▶ TASK INSTRUCTIONS:
Once you have read the listing, write it all out exactly.
(GIVEN INFORMATION Opens)
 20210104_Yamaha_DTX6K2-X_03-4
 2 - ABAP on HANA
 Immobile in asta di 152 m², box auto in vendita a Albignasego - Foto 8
(GIVEN INFORMATION Closes)
▶ EXERCISE RESULT:
 20210104_Yamaha_DTX6K2-X_03-4
 2 - ABAP on HANA
 Immobile in asta di 152 m², box auto in vendita a Albignasego - Foto 8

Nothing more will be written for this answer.